» **EXERCISE DESCRIPTION**
Beginning with the line that has "Weathered Barns by" and ending with the line that has "Keuze & korting", retype the entries below exactly, except for the pictures.

» **INPUT FOR THIS TASK**
··········

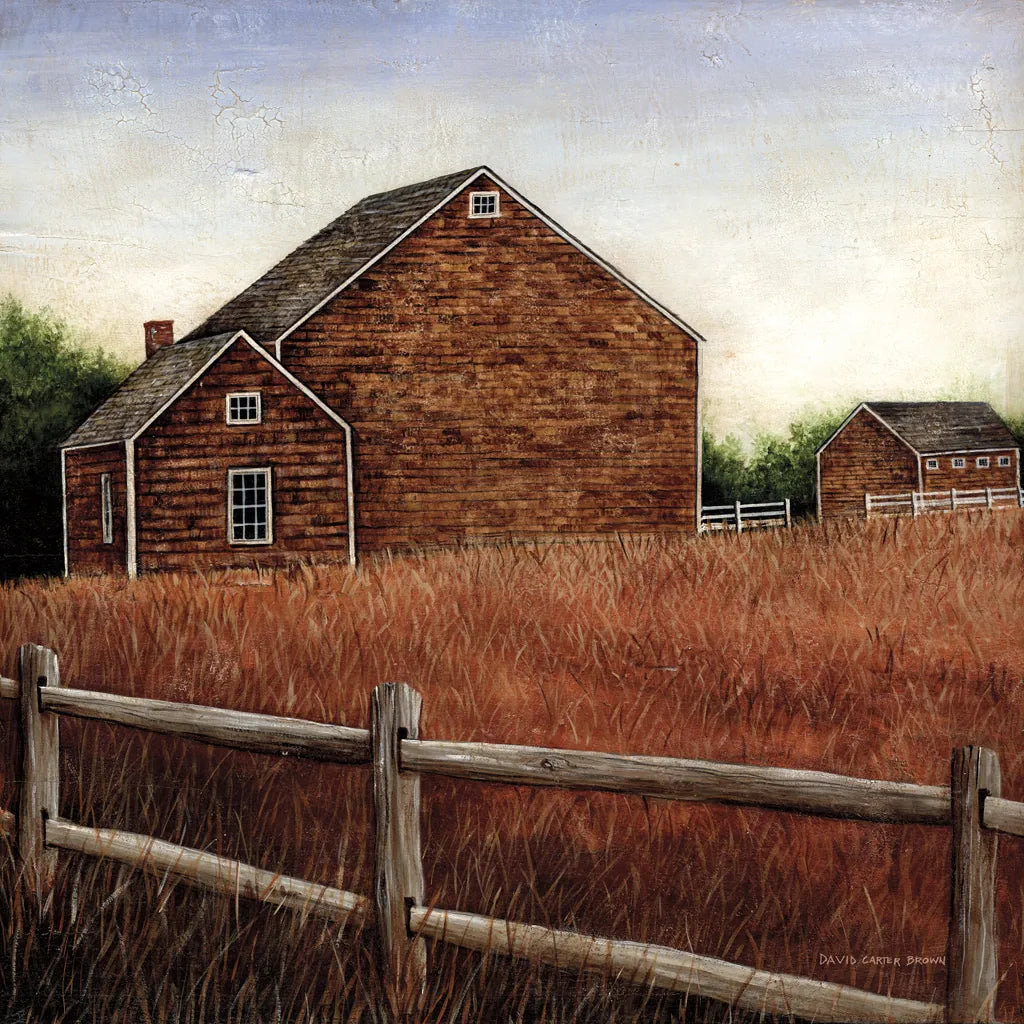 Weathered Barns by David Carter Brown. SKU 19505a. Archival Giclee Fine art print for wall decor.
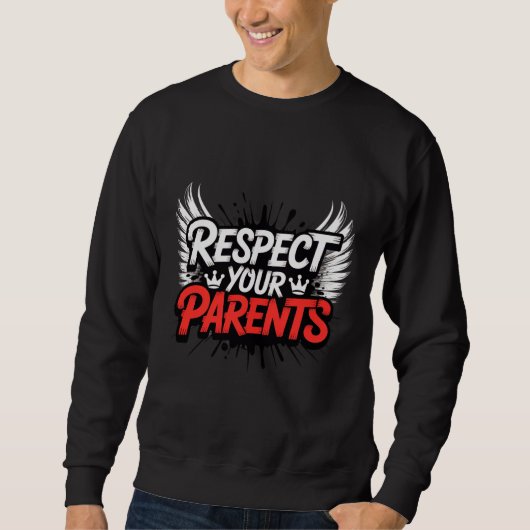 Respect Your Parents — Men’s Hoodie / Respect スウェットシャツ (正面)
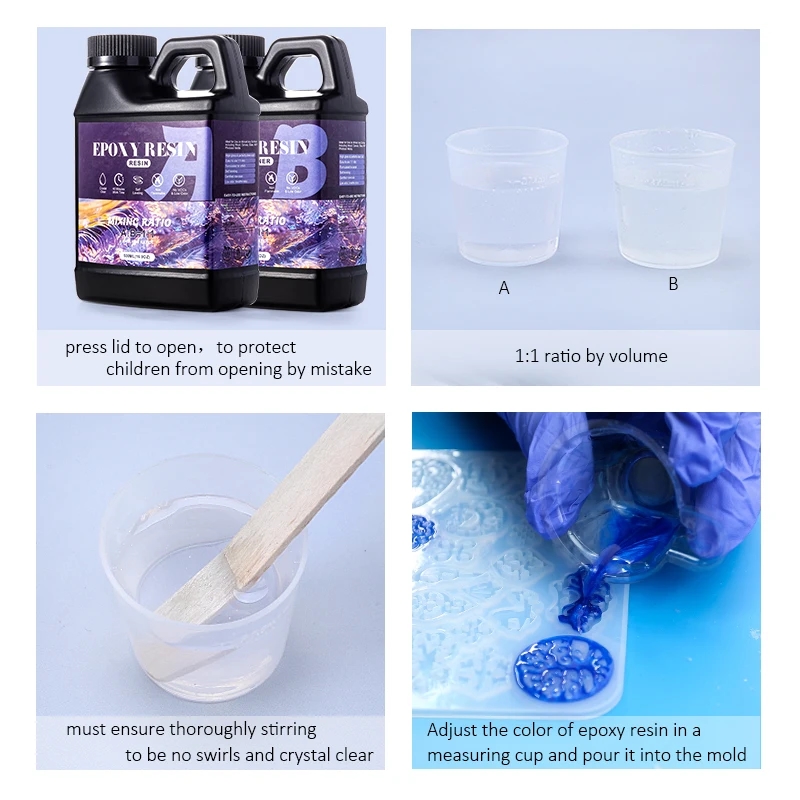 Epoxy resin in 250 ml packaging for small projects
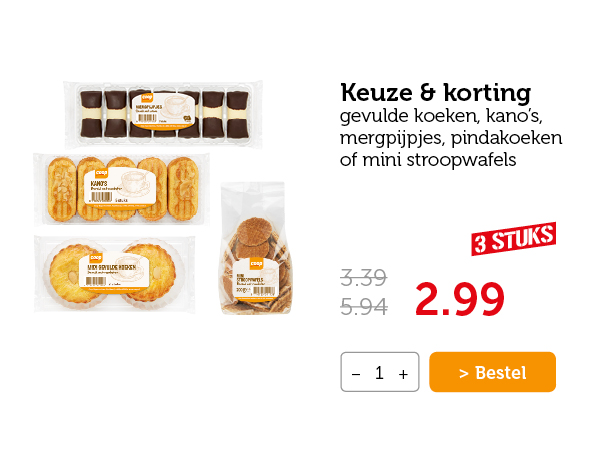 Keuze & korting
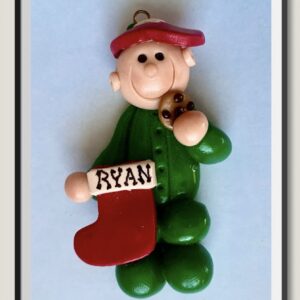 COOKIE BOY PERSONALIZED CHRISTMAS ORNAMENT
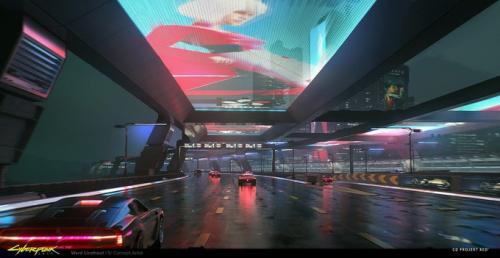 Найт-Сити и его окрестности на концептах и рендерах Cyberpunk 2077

··········

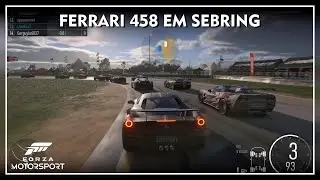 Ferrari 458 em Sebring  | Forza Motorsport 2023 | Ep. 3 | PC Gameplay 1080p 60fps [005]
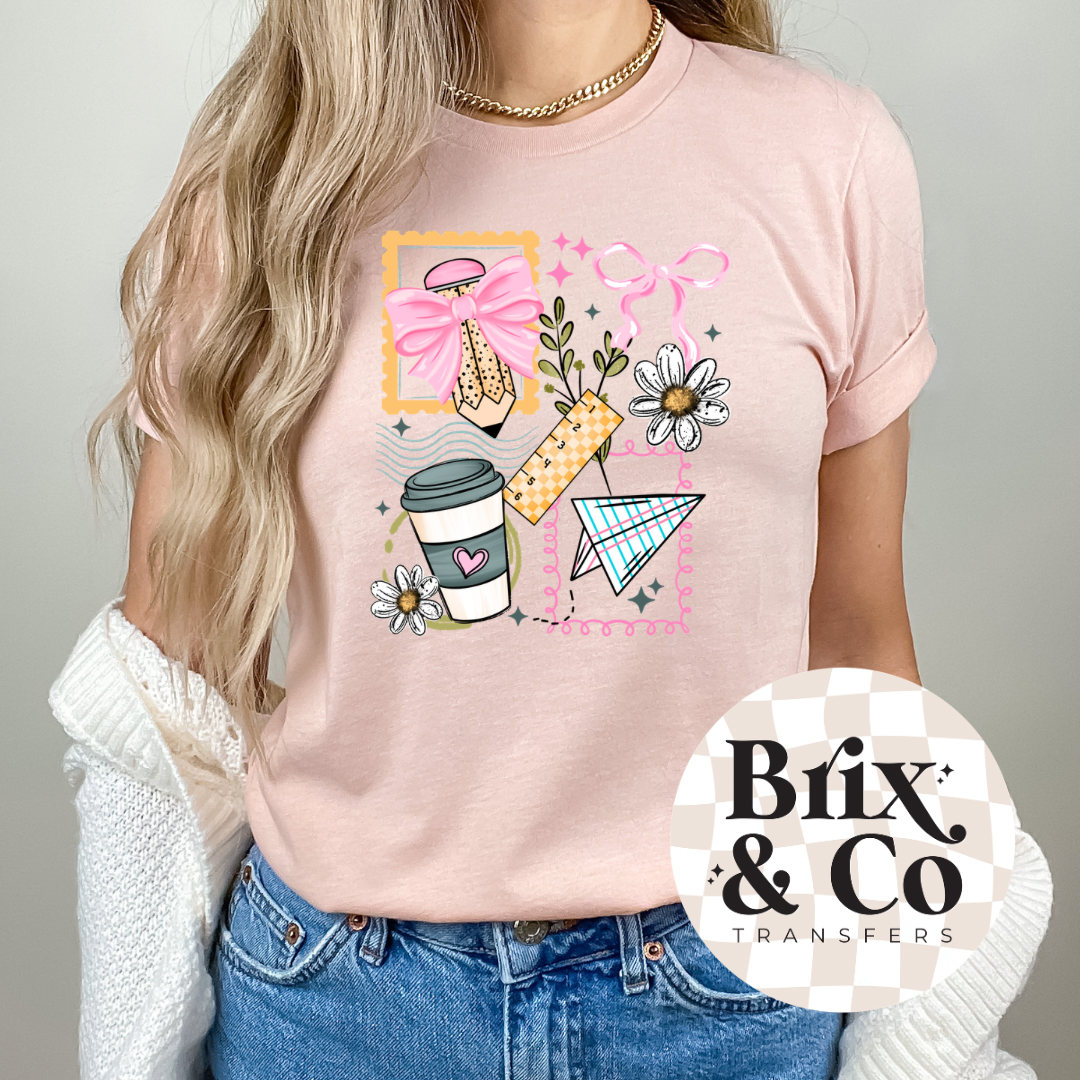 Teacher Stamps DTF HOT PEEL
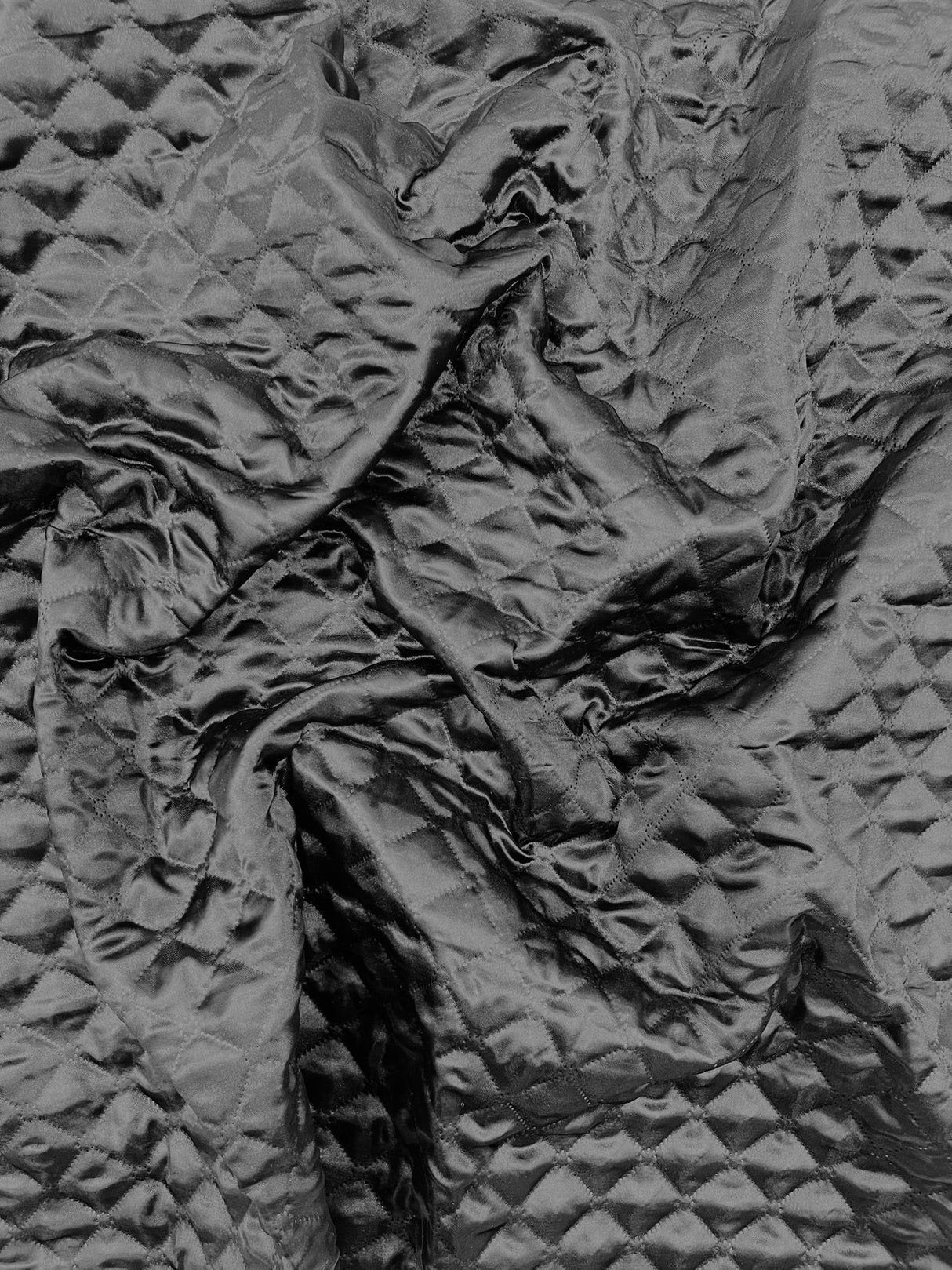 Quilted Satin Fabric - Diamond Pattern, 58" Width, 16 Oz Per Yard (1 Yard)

··········

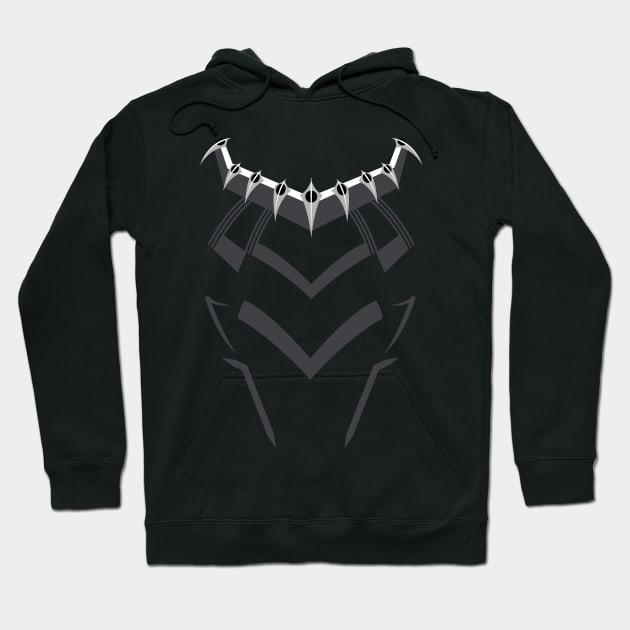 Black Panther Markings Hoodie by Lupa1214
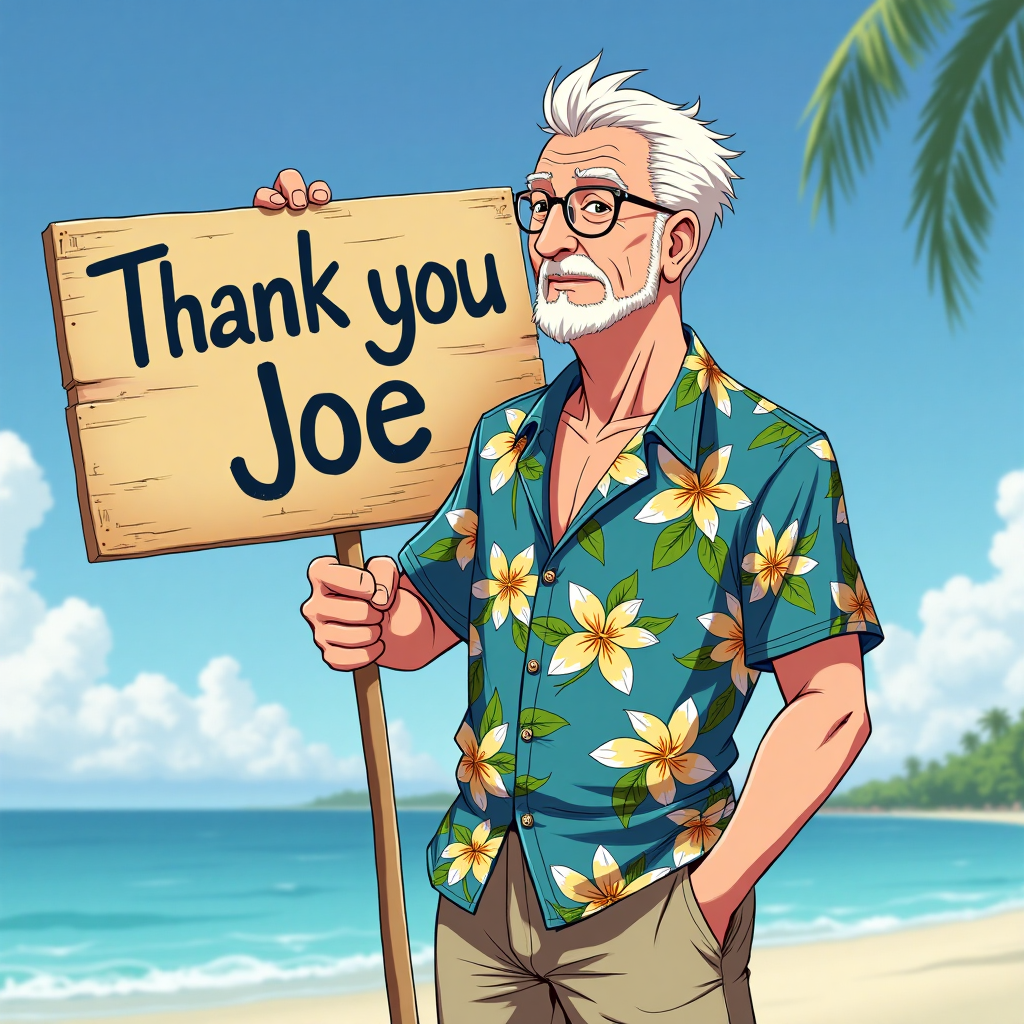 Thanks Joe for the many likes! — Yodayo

··········

» **RESPONSE AREA**
 Weathered Barns by David Carter Brown. SKU 19505a. Archival Giclee Fine art print for wall decor.
 Respect Your Parents — Men’s Hoodie / Respect スウェットシャツ (正面)
 Epoxy resin in 250 ml packaging for small projects
 Keuze & korting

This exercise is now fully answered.